Thanks for dropping in. Good to see you here...

Re: colorization -- I mostly agree. However, in the case of HI, it was filmed in B&W, not for artistic reasons (think Hitchcock) but because of the budget. They started filming in November 1941, the war was imminent and money was tight. This is also the reason that the two female leads were not big names -- Astaire and Crosby were getting paid the big bucks and the budget couldn't afford, say, Ginger Rogers.

I'll be true to the B&W version, I mostly want to see the colorized one out of curiosity.

L


----------



## Betsy the Quilter (Oct 27, 2008)

I prefer non colorized, but it's interesting to see the how colorization is applied which is an art form in itself. I like the bundle because it has both the B&W and the colorized.

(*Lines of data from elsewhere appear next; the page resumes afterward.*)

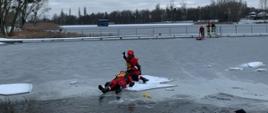 Strażacy ćwiczą ratownictwo lodowe na lodzie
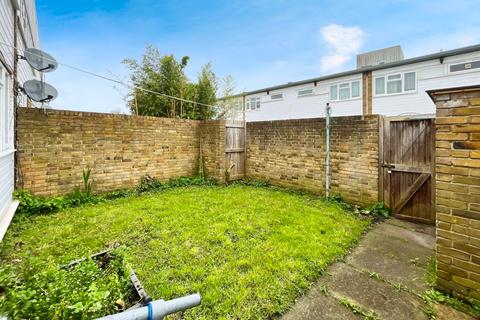 7 Claxton Path, London, SE4 2LR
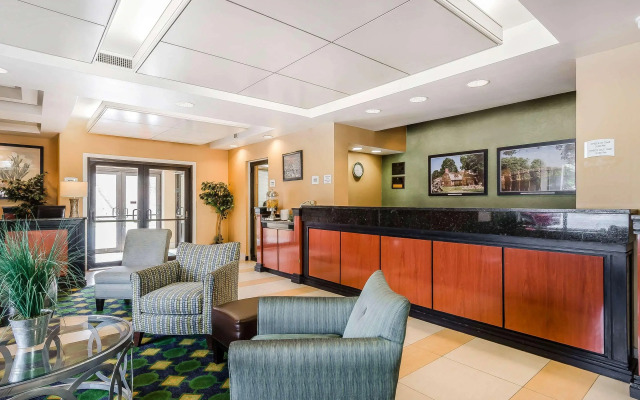 Quality Inn & Suites Lexington
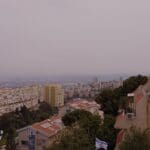 אובך בחיפה – מזג אוויר הפכפך (צילום :נירית קופל וונדרמן)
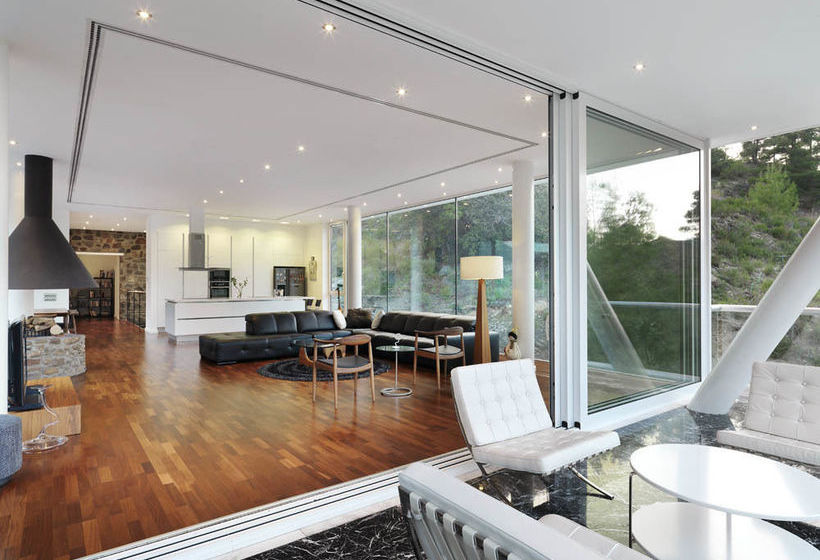 Lioness  Fountain Villa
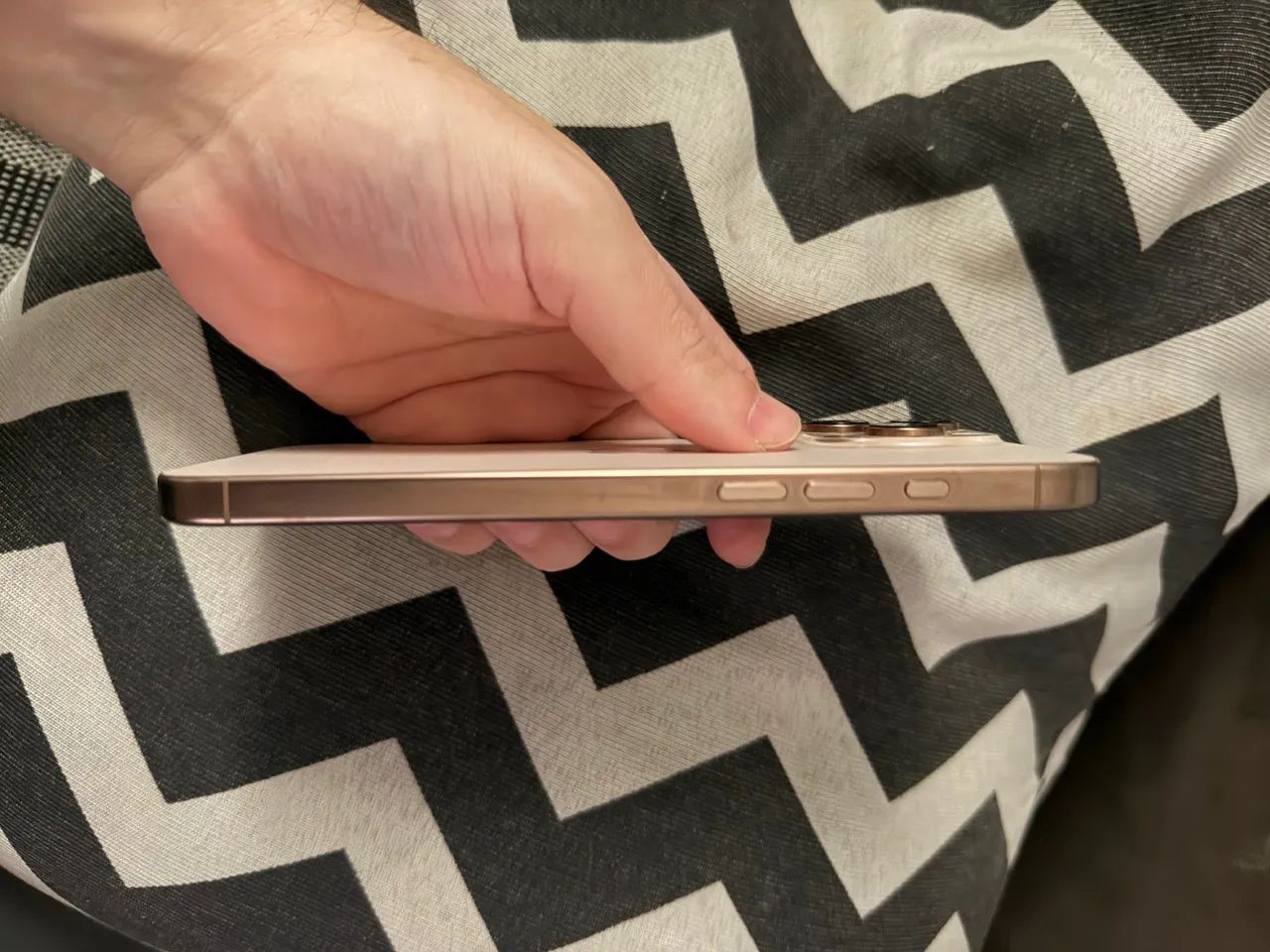iPhone 16 Pro Max 256GB - Foto 2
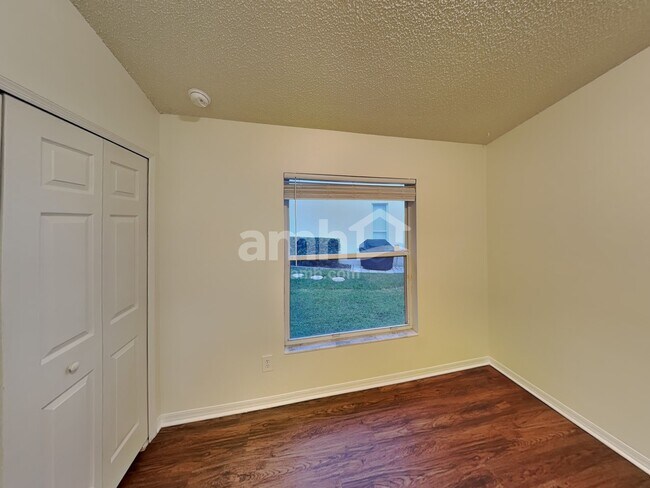 Building Photo - 12636 Enclave Dr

As for the artistry involved, most movies filmed in B&W were done so not through an artistic choice but because of either budget constraints or the fact that color wasn't available at the time, or the director's comfort level with the media. But there were artistic choices for lighting and costume made within the B&W format that can lose something in the translation.

Betsy


----------



## Rasputina (May 6, 2009)

The Nativity Story and The Santa Clause


----------



## Neekeebee (Jan 10, 2009)

Have to agree with you all about . One of my favorite movies!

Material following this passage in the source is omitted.